A thin biconvex lens is prepared from glass of refractive index ${\mu }_2=\frac{3}{2}$. The two convex surfaces have equal radii of 20 cm each. One of the surfaces is silvered from  outside to make it reflecting.
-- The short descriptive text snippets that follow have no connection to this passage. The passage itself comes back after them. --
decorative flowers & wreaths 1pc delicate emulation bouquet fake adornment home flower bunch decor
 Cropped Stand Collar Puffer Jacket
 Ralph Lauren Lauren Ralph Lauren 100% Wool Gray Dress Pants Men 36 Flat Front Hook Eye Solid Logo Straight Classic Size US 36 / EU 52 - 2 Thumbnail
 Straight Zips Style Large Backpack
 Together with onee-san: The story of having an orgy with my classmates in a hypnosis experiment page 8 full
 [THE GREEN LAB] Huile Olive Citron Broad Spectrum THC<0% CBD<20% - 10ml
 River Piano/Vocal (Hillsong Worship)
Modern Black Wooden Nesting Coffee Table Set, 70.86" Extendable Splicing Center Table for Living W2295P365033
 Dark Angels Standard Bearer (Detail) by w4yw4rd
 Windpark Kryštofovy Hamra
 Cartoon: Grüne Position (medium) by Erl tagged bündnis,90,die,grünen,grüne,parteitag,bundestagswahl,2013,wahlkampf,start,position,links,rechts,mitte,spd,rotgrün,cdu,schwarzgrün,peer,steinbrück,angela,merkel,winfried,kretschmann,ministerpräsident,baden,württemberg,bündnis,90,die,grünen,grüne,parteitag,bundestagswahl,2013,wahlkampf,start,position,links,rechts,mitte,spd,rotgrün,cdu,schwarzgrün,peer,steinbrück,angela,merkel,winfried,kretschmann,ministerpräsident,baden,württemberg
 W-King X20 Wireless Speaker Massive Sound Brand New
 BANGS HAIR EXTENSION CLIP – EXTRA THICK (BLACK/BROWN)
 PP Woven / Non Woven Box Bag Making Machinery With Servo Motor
The lens now is placed in a large medium of refractive index ${\mu }_1=5/3$ . It acts as a 

For refraction at $P_1$  :
  $\frac{{\mu }_2}{v}-\frac{{\mu }_1}{u}=\frac{{\mu }_2-{\mu }_1}{R}\Rightarrow \frac{3/2}{v}-\frac{5/3}{\infty }=\frac{3/2-5/3}{20}$
 $\Rightarrow \frac{3}{2v}-0=-\frac{1}{120}\Rightarrow v=-180cm$
For reflection at  $P_2$:-  
 $\frac{1}{v}+\frac{1}{u}=\frac{1}{f}\Rightarrow \frac{1}{v}+\frac{1}{-180}=\frac{1}{(-20/2)}$
 $\frac{1}{v}=\frac{1}{180}-\frac{1}{10}\Rightarrow v=-\frac{180}{17}cm$
Again refraction at $P_1$  :-
 $\frac{{\mu }_2}{v}-\frac{{\mu }_1}{u}=\frac{{\mu }_2-{\mu }_1}{R}\Rightarrow \frac{5/3}{v}-\frac{3/2}{(180/17)}=\frac{5/3-3/2}{-20}$
 
$\frac{5}{3v}-\frac{51}{360}=-\frac{1}{120}\Rightarrow \frac{5}{v}=\frac{51}{120}-\frac{1}{40}\Rightarrow v=12.5cm$
Final real image is formed at 12.5 cm from given silvered lens. This distance is focal length of the effective mirror. As the focus is real, it behaves like a converging or concave mirror of focal length 12.5 cm.